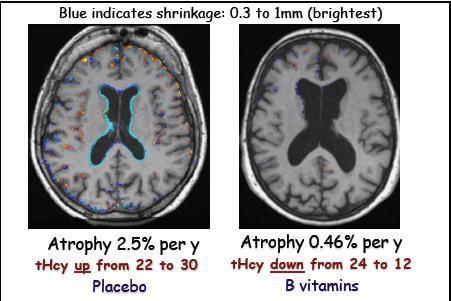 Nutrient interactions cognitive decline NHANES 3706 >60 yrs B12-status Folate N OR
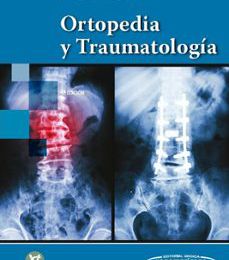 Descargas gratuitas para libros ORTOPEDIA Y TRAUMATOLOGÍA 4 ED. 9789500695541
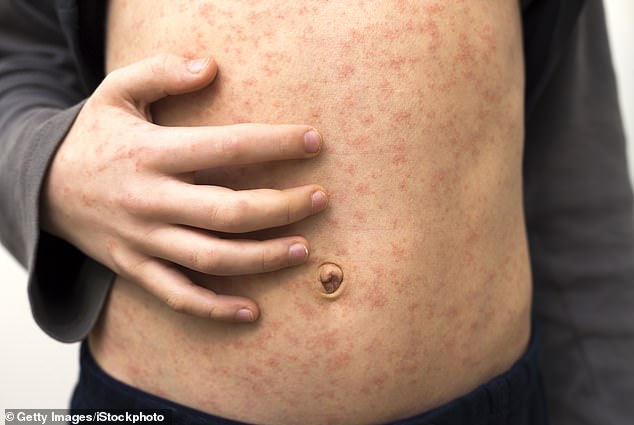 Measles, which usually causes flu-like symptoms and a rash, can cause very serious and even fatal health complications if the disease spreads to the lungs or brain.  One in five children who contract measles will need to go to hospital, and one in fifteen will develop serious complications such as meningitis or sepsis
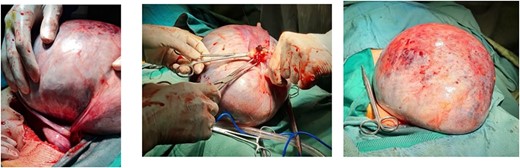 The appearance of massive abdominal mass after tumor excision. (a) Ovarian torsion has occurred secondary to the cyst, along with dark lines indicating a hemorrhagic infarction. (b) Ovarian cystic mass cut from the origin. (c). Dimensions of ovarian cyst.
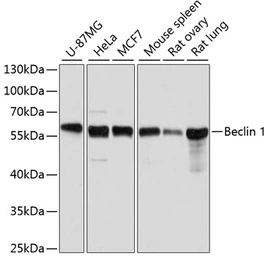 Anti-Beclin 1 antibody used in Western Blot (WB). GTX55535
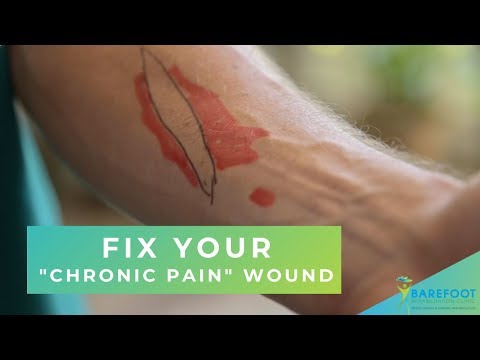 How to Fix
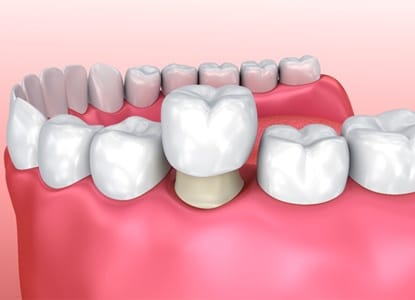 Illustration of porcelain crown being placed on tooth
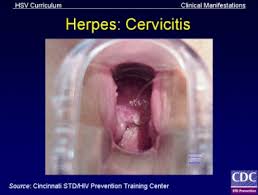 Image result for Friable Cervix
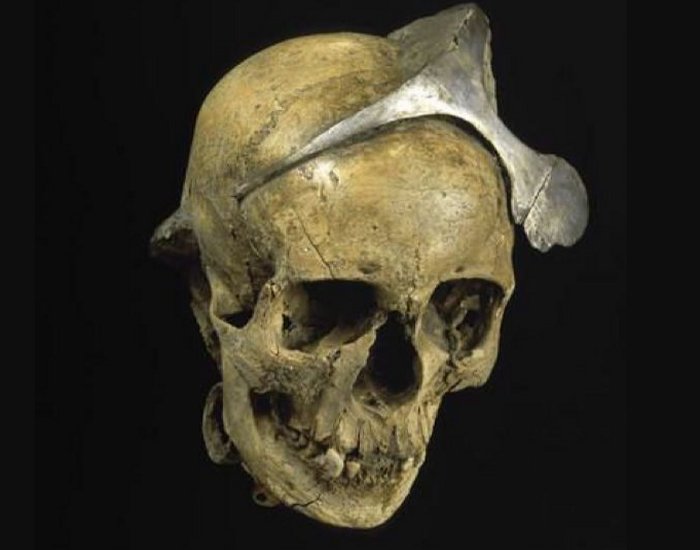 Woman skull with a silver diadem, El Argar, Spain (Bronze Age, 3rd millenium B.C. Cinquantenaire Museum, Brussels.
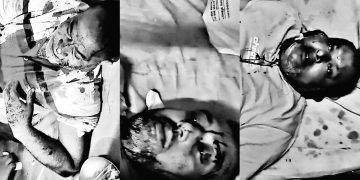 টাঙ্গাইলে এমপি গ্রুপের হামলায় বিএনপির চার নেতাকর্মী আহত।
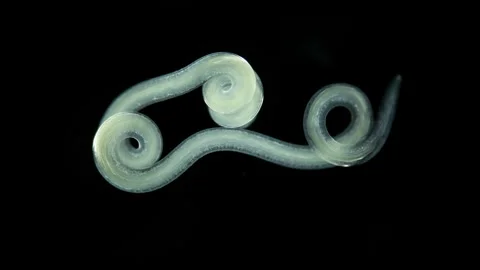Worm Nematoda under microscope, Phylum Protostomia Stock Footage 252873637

════════════════════

• Work instruction
The entries above need to be repeated in full, word for word. Skip the images.

• Answer for this exercise
 Nutrient interactions cognitive decline NHANES 3706 >60 yrs B12-status Folate N OR
 Descargas gratuitas para libros ORTOPEDIA Y TRAUMATOLOGÍA 4 ED. 9789500695541
 Measles, which usually causes flu-like symptoms and a rash, can cause very serious and even fatal health complications if the disease spreads to the lungs or brain.  One in five children who contract measles will need to go to hospital, and one in fifteen will develop serious complications such as meningitis or sepsis
 The appearance of massive abdominal mass after tumor excision. (a) Ovarian torsion has occurred secondary to the cyst, along with dark lines indicating a hemorrhagic infarction. (b) Ovarian cystic mass cut from the origin. (c). Dimensions of ovarian cyst.
 Anti-Beclin 1 antibody used in Western Blot (WB). GTX55535
 How to Fix
 Illustration of porcelain crown being placed on tooth
 Image result for Friable Cervix
 Woman skull with a silver diadem, El Argar, Spain (Bronze Age, 3rd millenium B.C. Cinquantenaire Museum, Brussels.
 টাঙ্গাইলে এমপি গ্রুপের হামলায় বিএনপির চার নেতাকর্মী আহত।
Worm Nematoda under microscope, Phylum Protostomia Stock Footage 252873637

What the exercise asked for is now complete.